§ What the exercise asks: For this exercise, copy exactly every line from the one holding "Ezel Tekst effect" through the end of the data, both included. Omit pictures.

(Stored records)
□ □ □
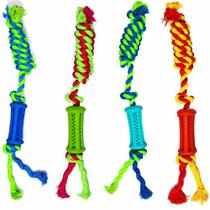 Brinquedo Pet Dental Play Para Morder Osso Com Corda 9X10X40Cm Brinquedo Pet Dental Play Para Morder Osso Com Corda 9X10X40Cm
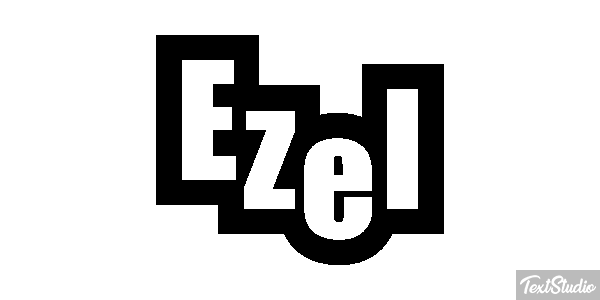 Ezel Tekst effect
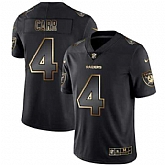 Nike Raiders 4 Derek Carr Black Gold Vapor Untouchable Limited Jersey Dyin,baseball caps,new era cap wholesale,wholesale hats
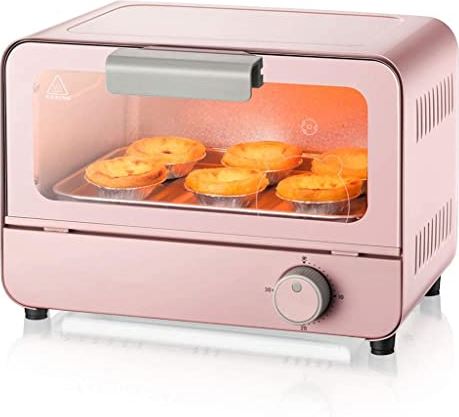 SUNWEIHAOA 6L Mini Oven Instelbare Temperatuur 50-250 ? En 30 Minuten Timer Huishoudelijk Bakken Multifunctioneel Automatische Cake Oven Gehard Glas 800W Grondstof Code: Lxj-85 Esthetisch En Praktisch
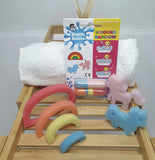 The Bean People Unicorn Rainbow Bath Beans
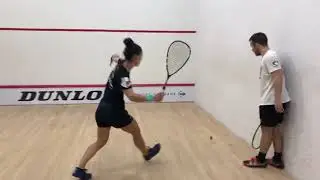Squash Training Session - E-Squash Coach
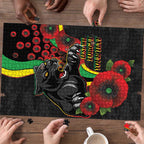 Penrith Panthers ANZAC Personalised Puzzle Lest We Forget Poppy Camo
□ □ □
§ Response for this exercise:
 Ezel Tekst effect
 Nike Raiders 4 Derek Carr Black Gold Vapor Untouchable Limited Jersey Dyin,baseball caps,new era cap wholesale,wholesale hats
 SUNWEIHAOA 6L Mini Oven Instelbare Temperatuur 50-250 ? En 30 Minuten Timer Huishoudelijk Bakken Multifunctioneel Automatische Cake Oven Gehard Glas 800W Grondstof Code: Lxj-85 Esthetisch En Praktisch
 The Bean People Unicorn Rainbow Bath Beans
Squash Training Session - E-Squash Coach
 Penrith Panthers ANZAC Personalised Puzzle Lest We Forget Poppy Camo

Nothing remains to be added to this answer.